You’re not alone. We hear countless stories of business leaders who feel paralyzed by the inflexibility of their legacy ERP platforms, while not knowing any other way.

We have good news for them—change is possible. But, of course, shifting away from your legacy system isn’t easy. It’s like being stuck in a bad relationship. You feel trapped, because you depending on that system to help you meet your obligations, but you know that you could be operating more efficiently and with fewer headaches if you could find a better solution.

So how do you know when you’re ready to break up and move on?

Know Your Options

If you’re using one of the ERP software giants, you have a lot of history, research, and innovation at your disposal. That can be a great thing—but it can also stifle efficiency and growth. Before we talk about the stifling part, let’s take a snapshot look at five of the top ERP software providers in the industry:

IBM

As one of the leading IT companies in the world, IBM stands out with a diversified portfolio of ERP solutions, end-to-end capabilities, a unified user experience, and front-edge investments in cloud, big data, analytics, and security. Its century-long presence on the IT market has weathered technological innovation and business process evolution admirably, making it a top contender for operational software products.

Accenture

Another of the top IT performers, Accenture offers global service delivery, a strong client-driven approach, broad capabilities and support, and a continually evolving technology platform. With a focus on mobile applications and a better user interface than many ERPs, Accenture has earned a reputation as an efficient solution for large companies. They invest heavily in research and development, focusing their efforts on scalable industry solutions across a variety of platforms and applications.

Deloitte

Deloitte has ridden the front edge of the technology wave ever since the 1950s when data processing machines revolutionized the accounting industry. It is a leader in SAP collaboration and improved customer operations. Their services include ERP strategy development, enterprise cost reduction, governance, risk and compliance, and ERP project and change management.

Microsoft Dynamics

Microsoft’s broad capabilities and deep market penetration have made the company a household name. Their cloud-based operations product offers integration with legacy systems and global scalability combined with Microsoft’s well-known productivity and intelligence tools. Offering end-to-end business applications, Microsoft Dynamics serves over 23,000 organizations with finance, project, and business process operations.

Oracle

Oracle offers an array of business software under the name E-Business Suite. This software offers an array of functional modules for ERP, CRM, supply-chain management, warehouse management, human resource management, product lifecycle, financial applications, and more.

So What’s the Problem?

The impressive credentials of these four ERP solutions serve many companies well. As five of the top providers, they’re clearly meeting the needs of many businesses with innovative apps and cloud-based tools.

So what’s not to love? Why have some companies stopped drinking the Kool-Aid?

Ultimately, it’s because their greatest strengths—their single-system solutions that include broadly diversified product offerings with consistent user experience—may also be their biggest drawback.

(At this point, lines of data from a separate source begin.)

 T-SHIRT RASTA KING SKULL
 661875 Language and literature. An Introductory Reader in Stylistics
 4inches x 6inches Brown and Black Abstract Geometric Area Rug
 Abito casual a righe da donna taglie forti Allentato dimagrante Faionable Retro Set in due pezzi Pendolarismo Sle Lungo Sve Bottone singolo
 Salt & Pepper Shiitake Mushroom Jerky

Companies with specific, unique needs and limited budgets run into problems because these goliath ERPs can’t pivot quickly or make cost-effective changes.

Let’s take a look at four reasons companies might rethink their partnership with these seemingly omnipresent solutions:

Steep operational costs

It’s difficult to calculate the total cost of ownership for your ERP, because hidden costs, maintenance fees, and product upgrades can send your budget careening out of control. With large enterprise systems, expect to pay not just the original ticket price, but also customization costs, consultancy fees, maintenance charges, change implementation costs, and modification costs after implementation. Any change will be charged at high hourly fees, and these companies often force multiple developers to work on your system at once—which means your costs skyrocket incredibly quickly.

Limited flexibility

Once implementation is complete, how easy is it to make changes to your legacy ERP system? When you’re ready to scale your business to accommodate growth, can your software keep up? If you’re using a large, change resistant solution, you’ll see a rise in total cost of ownership as you make modifications or upgrades. These systems are also aging, because making even the slightest change in user experience is incredibly complex. This means that your business is basically locked in to whatever these companies provide—and what they’ve provided for the last decade or more. If you do get to the point where it’s even possible to make a change, you may experience disruption to your workflow as changes require process alterations or product add-ons in order to keep the system functioning.

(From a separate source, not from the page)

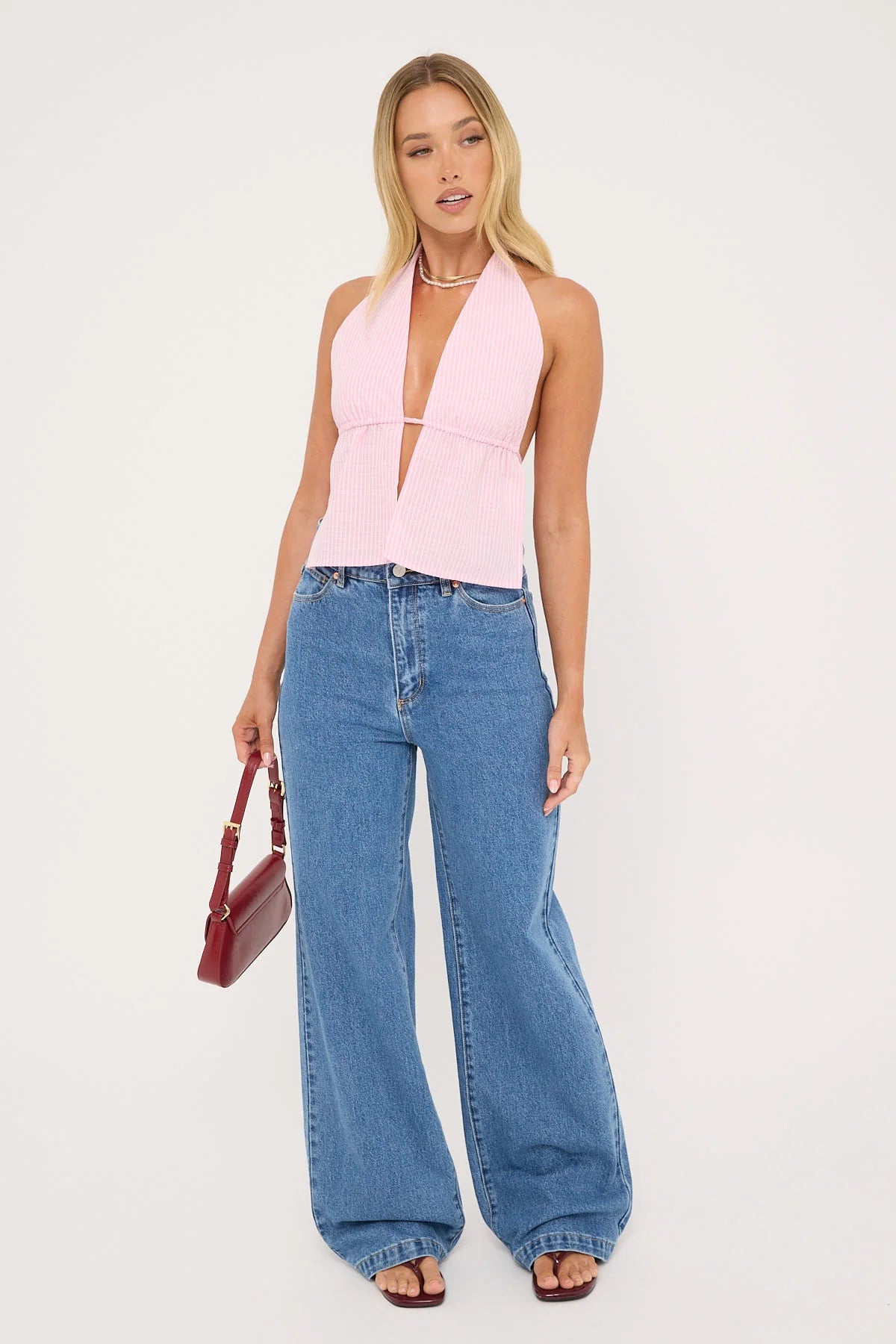 Luck & Trouble Cyan Stripe Halter Top Pink Stripe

Complicated change processes

If you want to make changes, you’ll have to navigate a lengthy, cumbersome process that includes consultation about your problem, suggested solutions, development, implementation with probable cross-selling of additional products or services, and maintenance. While some of these elements will be necessary for any change request, big software companies involve move levels of complexity and longer wait times for each step. Your existing system may not allow you to make the changes you need quickly enough to keep pace with the growth and evolving needs of your company.

Out of touch with business needs

Small, mid-size, and large companies all have different needs and goals for their software. Companies in different industries may need specialized solutions to keep their workforce running smoothly. Software giants usually can’t provide the level of customization you need and may not make the effort to truly understand your organization before suggesting a predetermined solution. They may also require you to work with an external consultant or inflate your ownership costs with add-ons that deliver little value.

The Bottom Line

The big ERP software giants constantly pursue market expansion and product diversity, which has propelled them to the top of the industry. But they also come with a high price tag that includes not only huge financial investments, but also lost productivity when they can no longer meet the customized needs of your organization. In the end, to get the power of one of these giants, you will end up either buying a lot of functionality you’ll never use, or changing your established business processes to fit the way the software works.

How Do You Know When It’s Time to Move On?

If you can relate to these pain points—or if you’re just fed up with giant companies like IBM and Microsoft because they don’t understand your business—it may be time for a change. New software isn’t always a magic wand to whisk away your troubles, but sometimes it’s a necessity.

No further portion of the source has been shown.